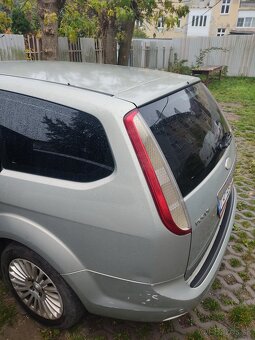 Ford Focus combi1,6 tdci  2008 - 3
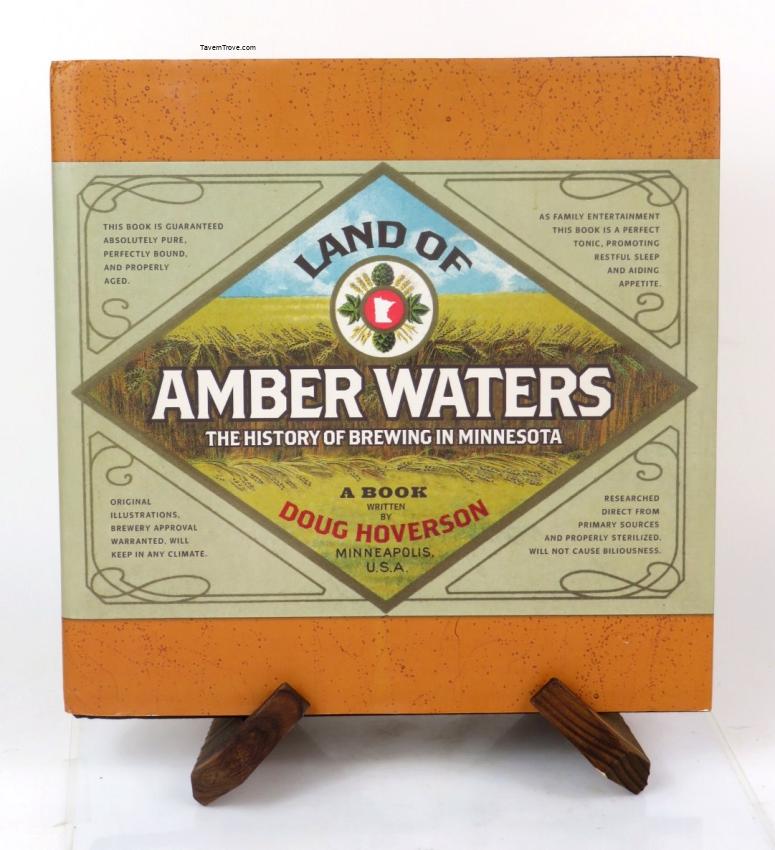 Land Of Amber Waters (signed) - Hoverson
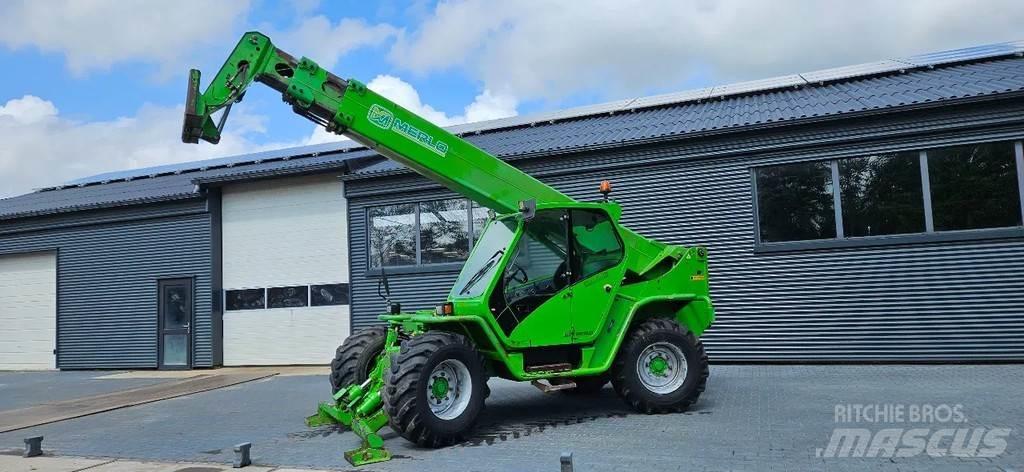 Merlo P40.14 Teleszkópos rakodók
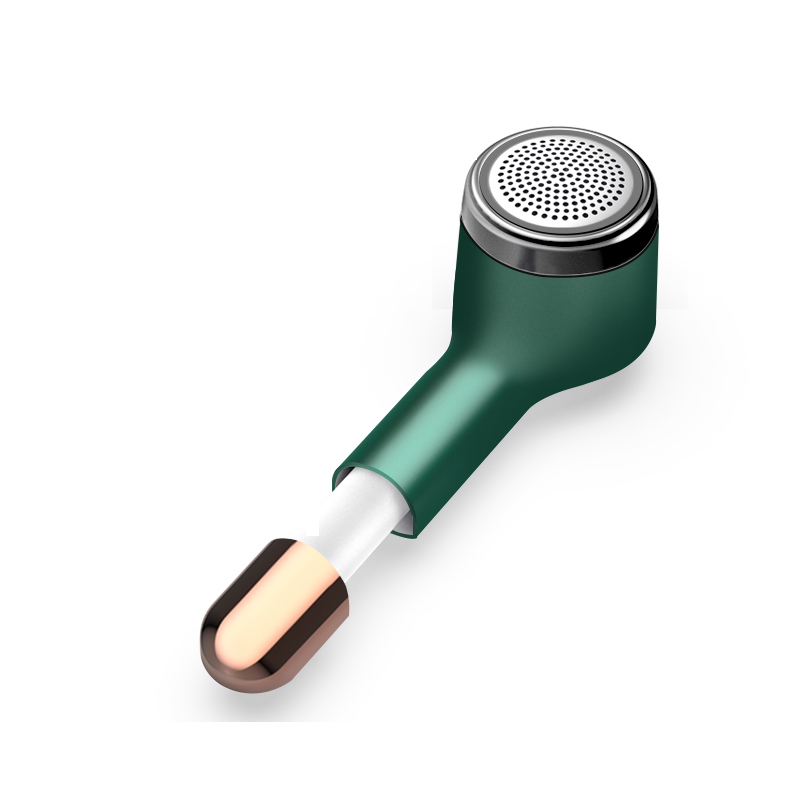 Small private label powerful electric fabric shaver lint removal new design usb wireless portable rechargeable lint remover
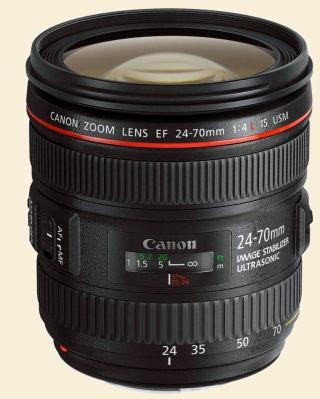 Canon 2470F4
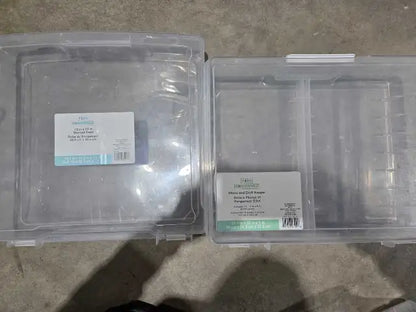 New! Tidy Ordonnez Storage Cases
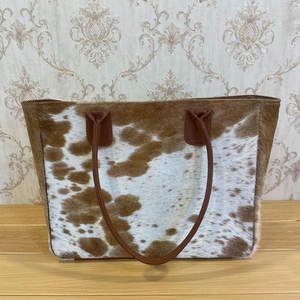 Sacs à main en cuir de vachette personnalisés, style tendance 2026, haute qualité, prix bas, sacs à main en cuir de vachette pour femmes - Product Image 1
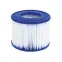 Jacuzzi ogrodowe z hydromasażem SPA 1,96 x 0,71 m DOMINICA Smart HydroJet™ 60165,11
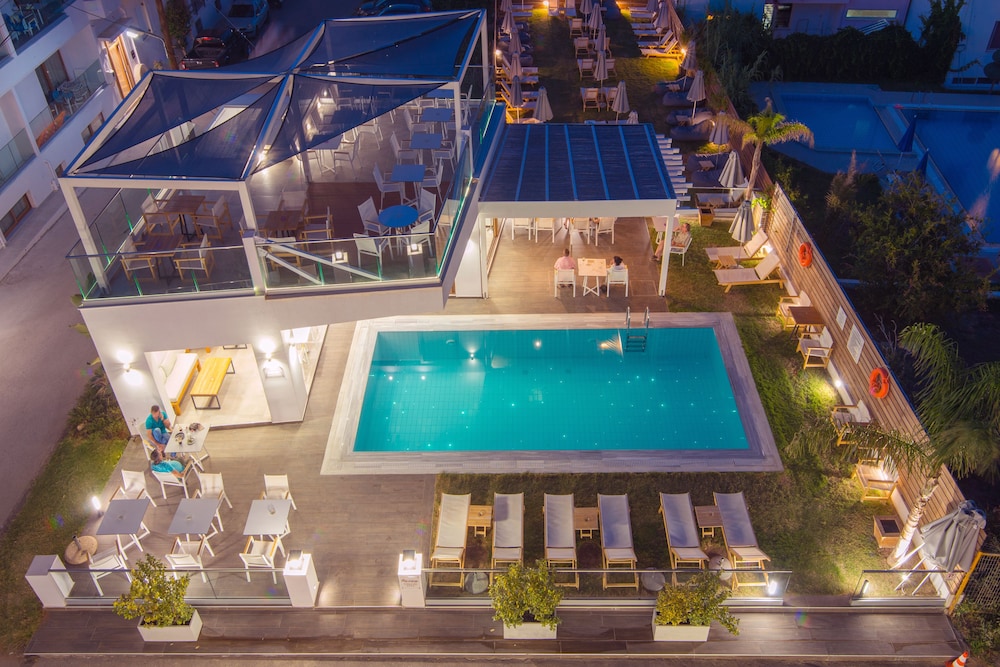 Harma Boutique Hotel — Restaurant in Hersonissos
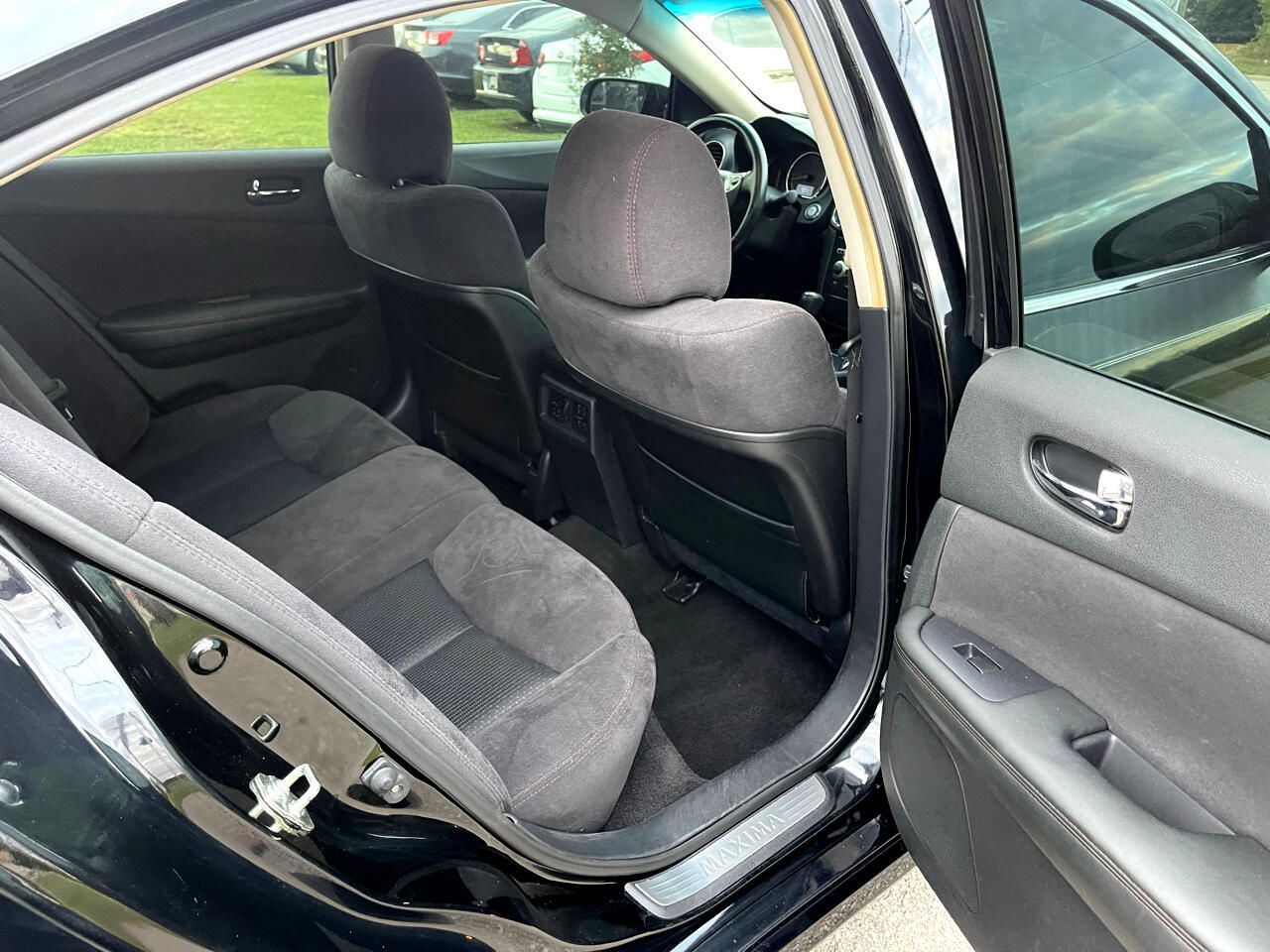 2014 Nissan Maxima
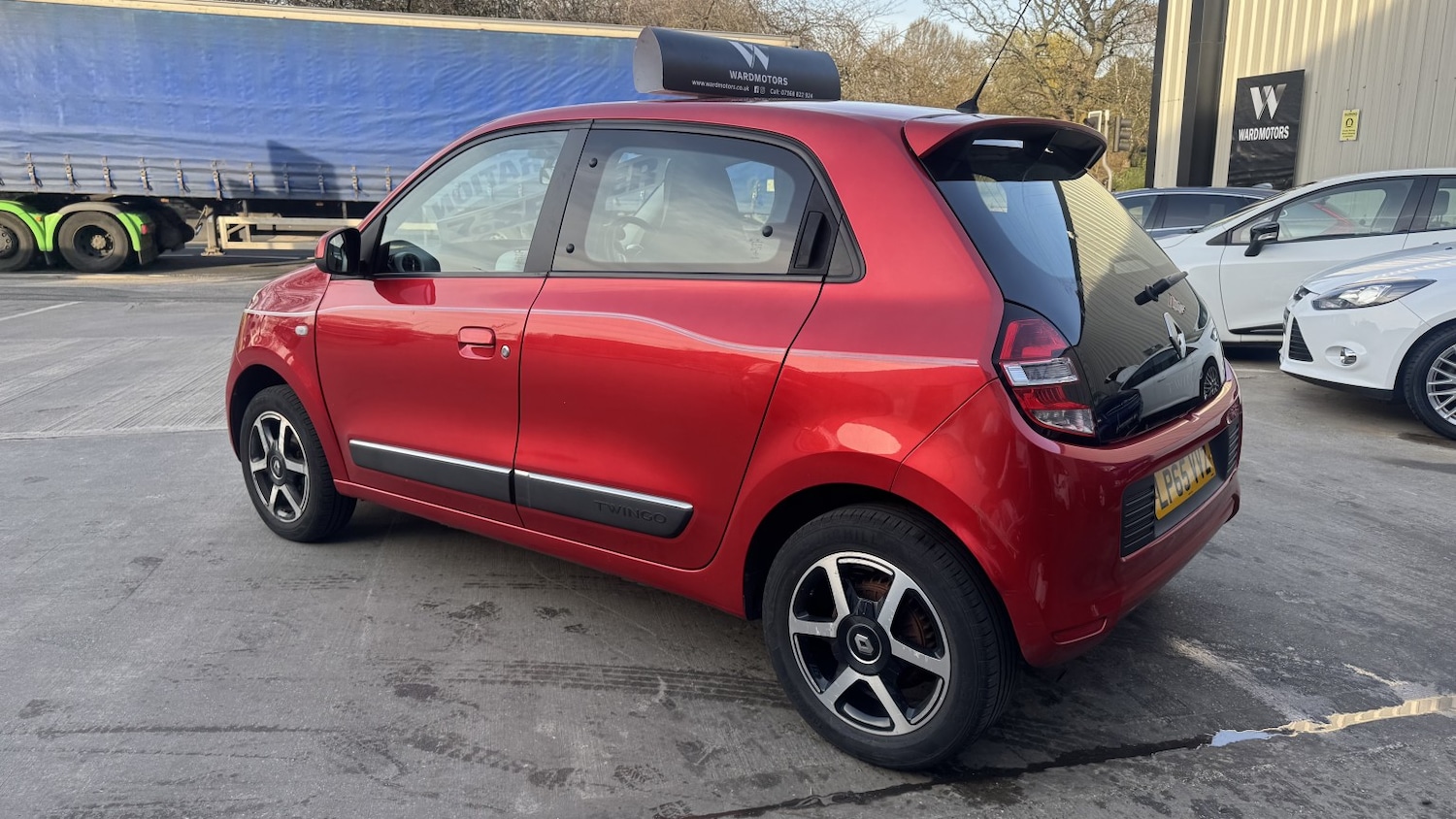Used Renault Twingo 2016 for sale - 77938161: Photo 3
□ □ □ □
YOUR INSTRUCTIONS: Write out the lines that run from the line containing "Land Of Amber Waters (signed) - Hoverson" to the end of the entries, inclusive, exactly as written. Skip every picture.

SOLUTION TO THE PROBLEM:
 Land Of Amber Waters (signed) - Hoverson
 Merlo P40.14 Teleszkópos rakodók
 Small private label powerful electric fabric shaver lint removal new design usb wireless portable rechargeable lint remover
 Canon 2470F4
 New! Tidy Ordonnez Storage Cases
 Sacs à main en cuir de vachette personnalisés, style tendance 2026, haute qualité, prix bas, sacs à main en cuir de vachette pour femmes - Product Image 1
 Jacuzzi ogrodowe z hydromasażem SPA 1,96 x 0,71 m DOMINICA Smart HydroJet™ 60165,11
 Harma Boutique Hotel — Restaurant in Hersonissos
 2014 Nissan Maxima
Used Renault Twingo 2016 for sale - 77938161: Photo 3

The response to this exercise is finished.